YOUR OBJECTIVE. The task calls for the lines below from the line with "Top (Wit) van Yours Truly Clothes Katoen" to the line with "外の空気をすいたい。外に出たら口笛をふきたい。", both ends included, copied exactly, without any pictures.

EXCERPTED DATA.
↓↓↓

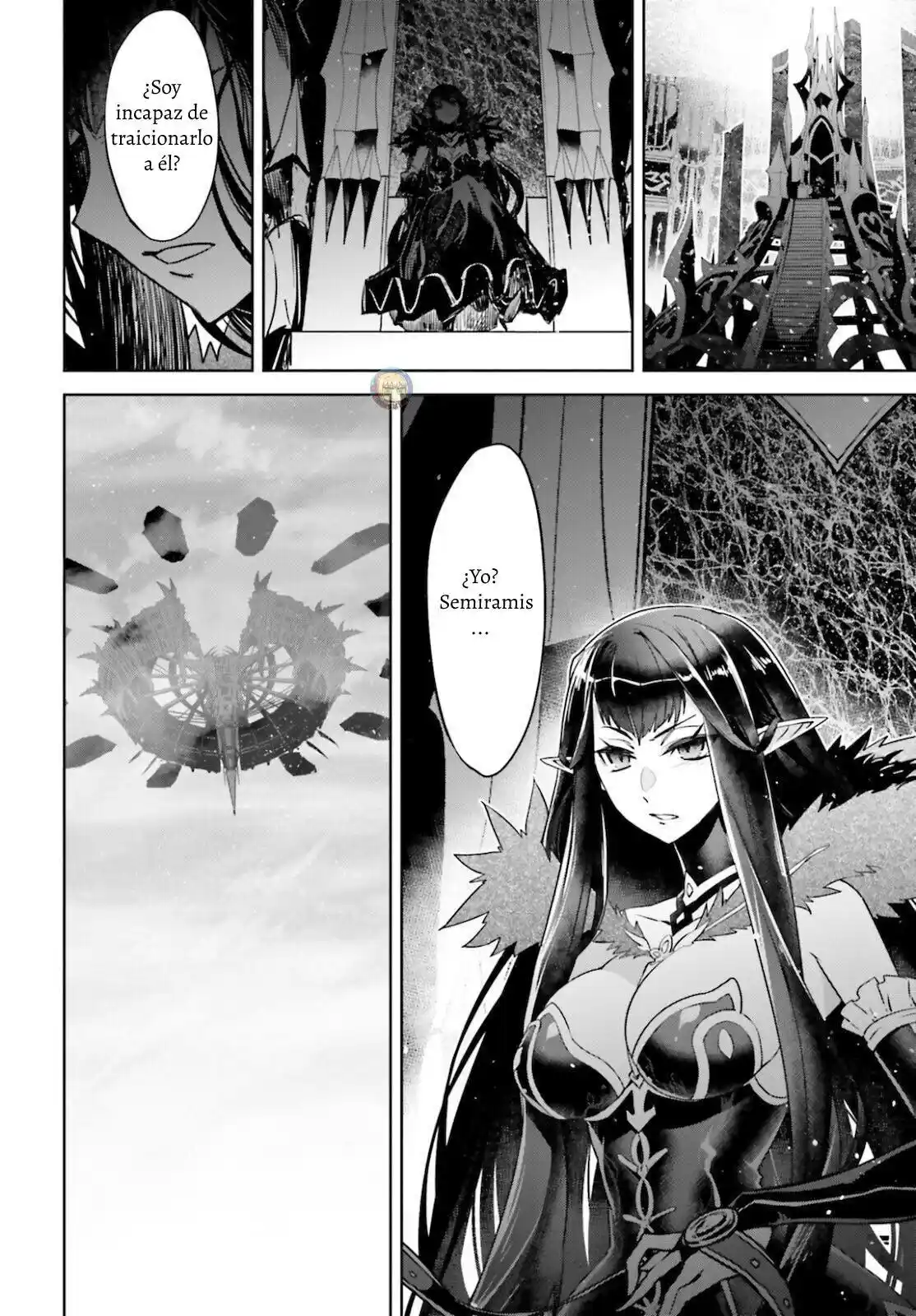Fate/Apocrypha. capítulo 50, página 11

↑↑↑
↓↓↓

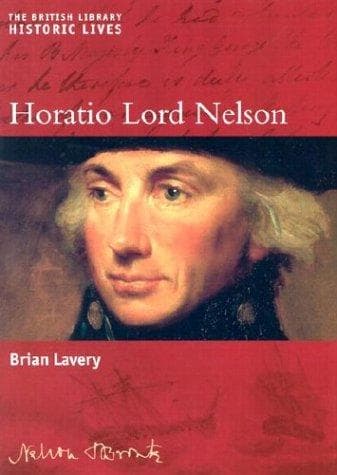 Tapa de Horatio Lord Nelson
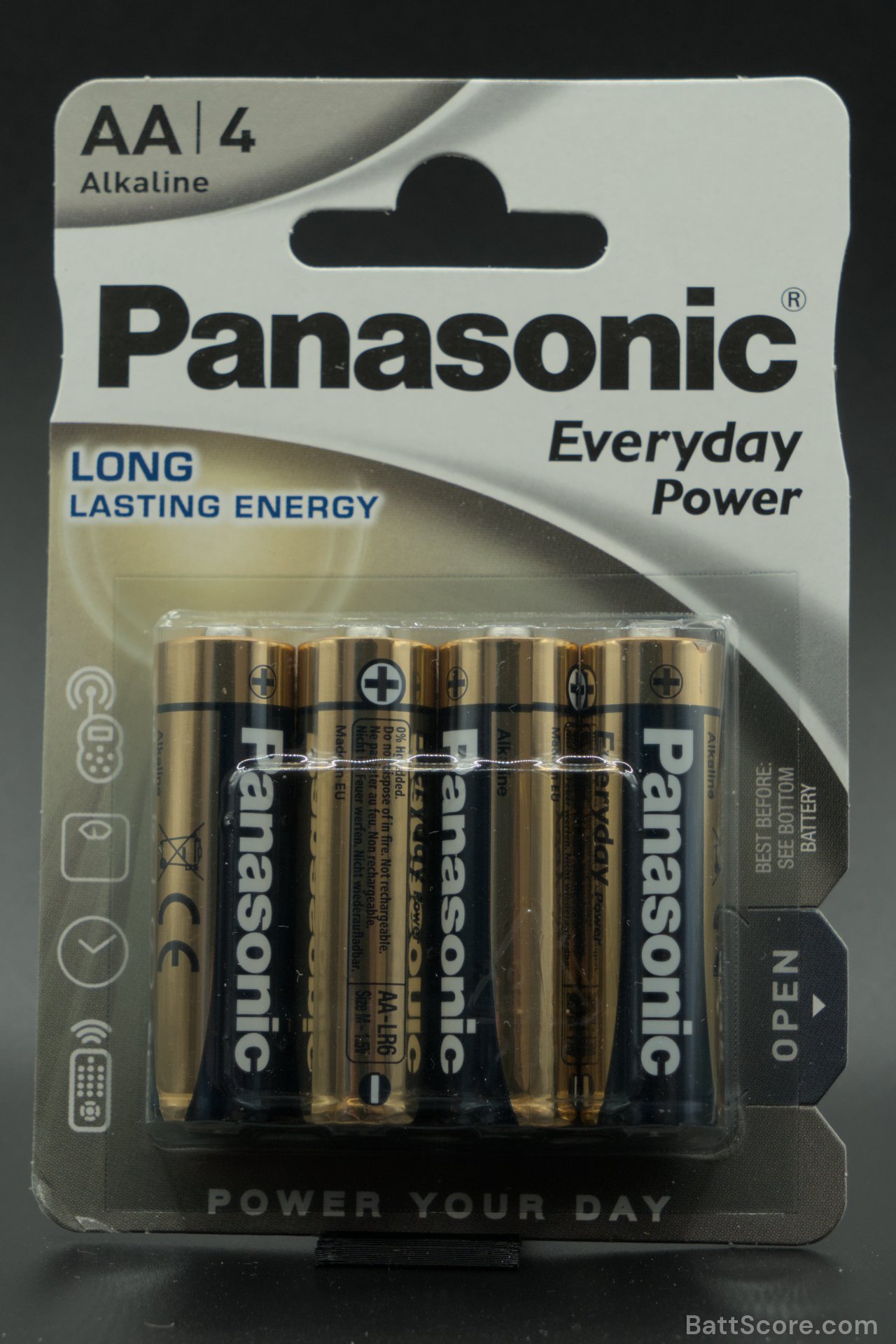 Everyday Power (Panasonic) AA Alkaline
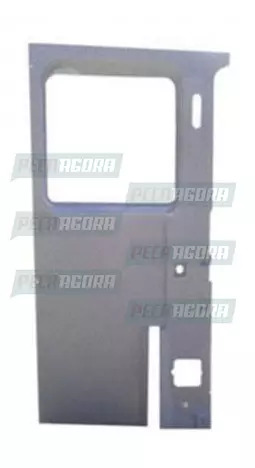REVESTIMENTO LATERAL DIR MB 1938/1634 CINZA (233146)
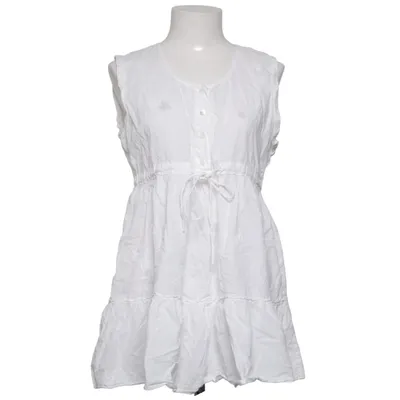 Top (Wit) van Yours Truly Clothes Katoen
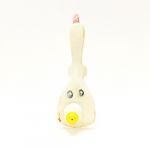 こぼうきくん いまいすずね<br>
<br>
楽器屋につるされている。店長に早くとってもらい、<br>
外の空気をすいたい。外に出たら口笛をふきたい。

↑↑↑
↓↓↓

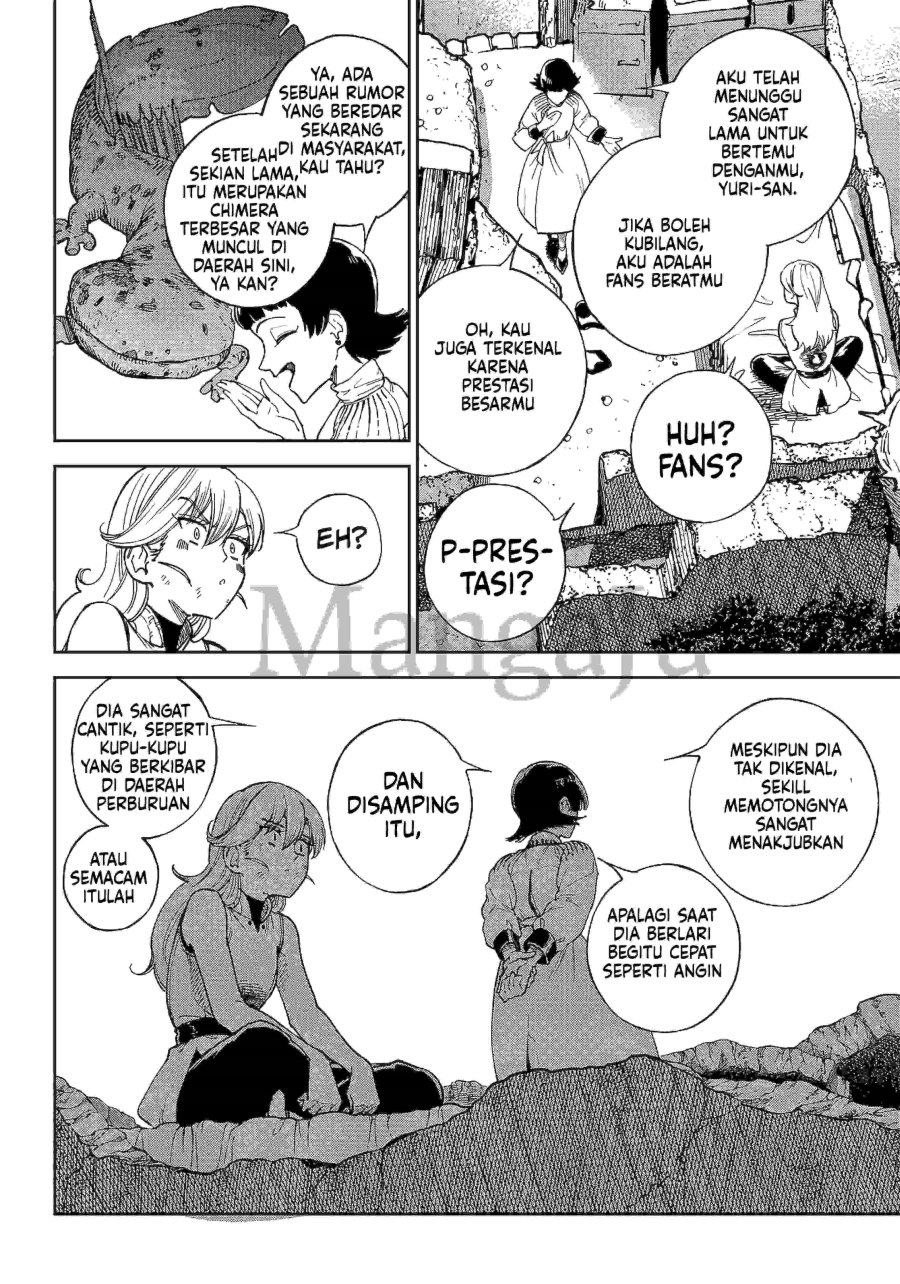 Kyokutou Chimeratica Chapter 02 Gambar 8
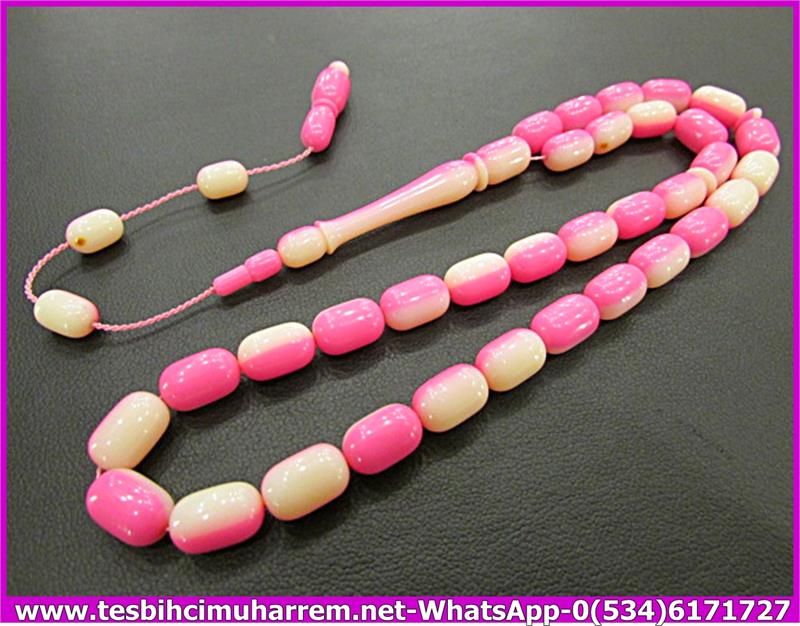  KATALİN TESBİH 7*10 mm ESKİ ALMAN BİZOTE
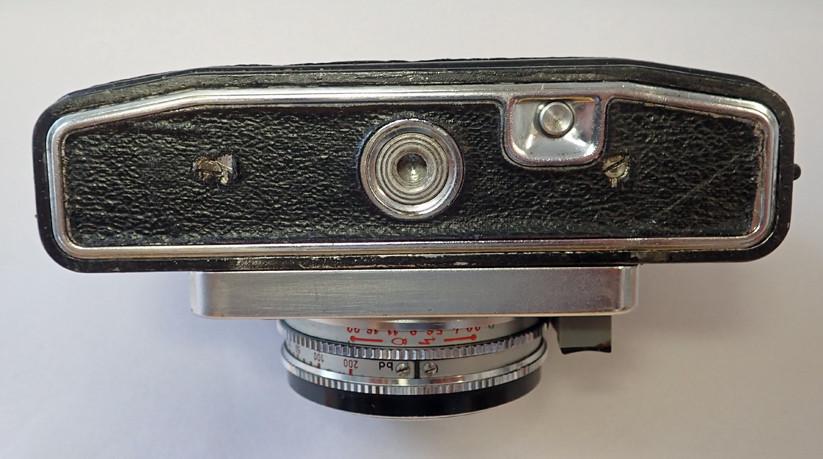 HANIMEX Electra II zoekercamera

↑↑↑

TASK SOLUTION.
 Top (Wit) van Yours Truly Clothes Katoen
 こぼうきくん いまいすずね<br>
<br>
楽器屋につるされている。店長に早くとってもらい、<br>
外の空気をすいたい。外に出たら口笛をふきたい。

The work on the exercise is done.